[Skiboot] [PATCH 29/60] xive: Implement internal VP allocator
Benjamin Herrenschmidt
benh at kernel.crashing.org
Thu Dec 22 14:16:37 AEDT 2016
We use a buddy allocator. A global one if block group mode is
used, otherwise one per XIVE instance.
It is not yet wired up to the OPAL APIs
Signed-off-by: Benjamin Herrenschmidt <benh at kernel.crashing.org>
---
hw/xive.c | 299 ++++++++++++++++++++++++++++++++++++++++++++++++++++++--------
1 file changed, 260 insertions(+), 39 deletions(-)

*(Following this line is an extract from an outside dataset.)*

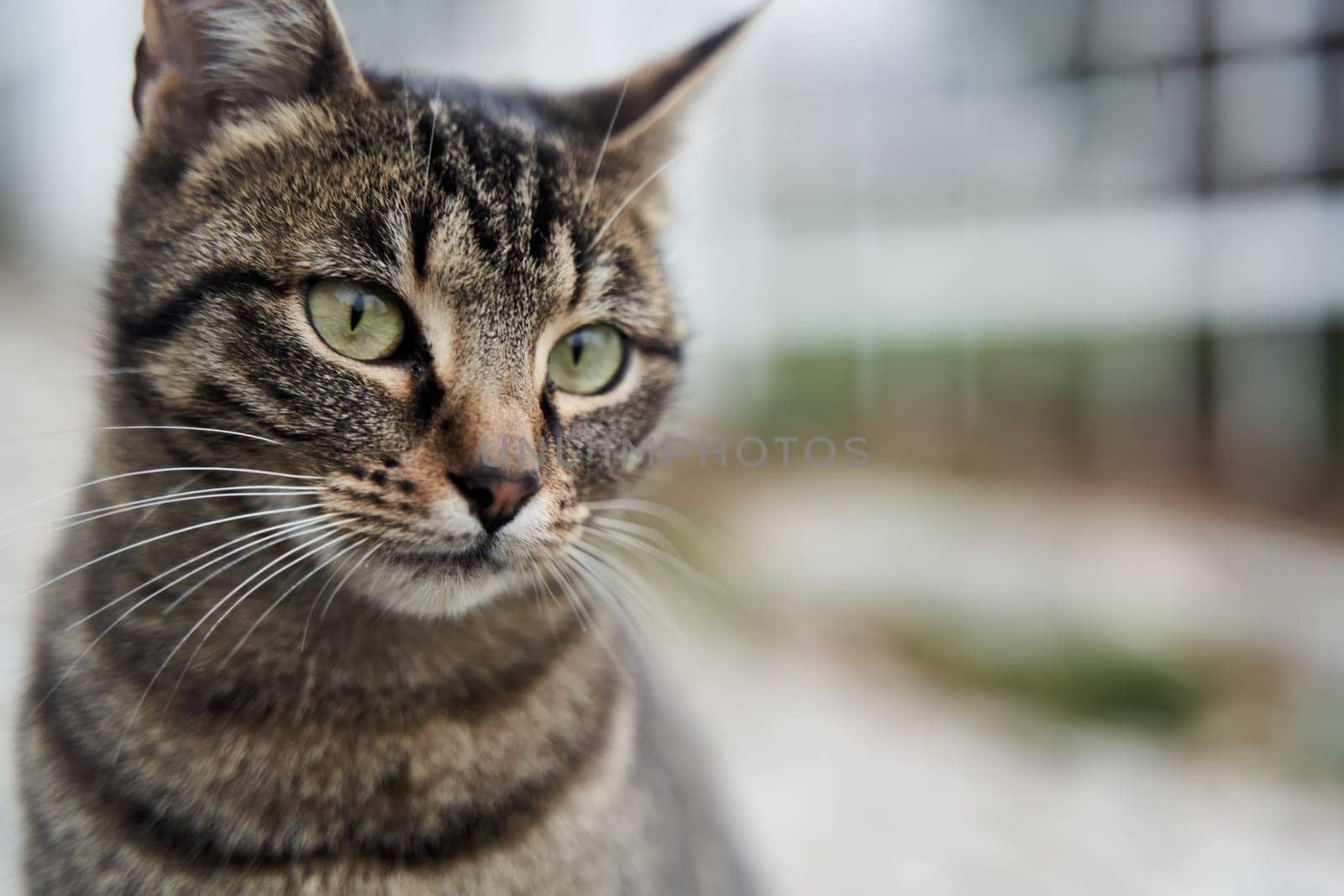 Close-up portrait of a gray street cat. High quality photo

diff --git a/hw/xive.c b/hw/xive.c
index 7fcfb03..81dd5c5 100644
--- a/hw/xive.c
+++ b/hw/xive.c
@@ -22,6 +22,7 @@
#include <interrupts.h>
#include <timebase.h>
#include <bitmap.h>
+#include <buddy.h>
/* Use Block group mode to move chip_id into block .... */
#define USE_BLOCK_GROUP_MODE
@@ -197,11 +198,13 @@
* XXX Adjust that based on BAR value ?
*/
#ifdef USE_INDIRECT
-#define MAX_VP_COUNT (512 * 1024)
+#define MAX_VP_ORDER 19 /* 512k */
+#define MAX_VP_COUNT (1ul << MAX_VP_ORDER)
#define VP_PER_PAGE (0x10000 / 64) // Use sizeof ?
#define IND_VP_TABLE_SIZE ((MAX_VP_COUNT / VP_PER_PAGE) * 8)
#else
-#define MAX_VP_COUNT (4 * 1024)
+#define MAX_VP_ORDER 12 /* 4k */
+#define MAX_VP_COUNT (1ul << MAX_VP_ORDER)
#define VPT_SIZE (MAX_VP_COUNT * 64)
#endif
@@ -217,7 +220,7 @@
/* Initial number of VPs on block 0 only */
#define INITIAL_BLK0_VP_BASE 0x800
-#define INITIAL_BLK0_VP_COUNT (2 * 1024)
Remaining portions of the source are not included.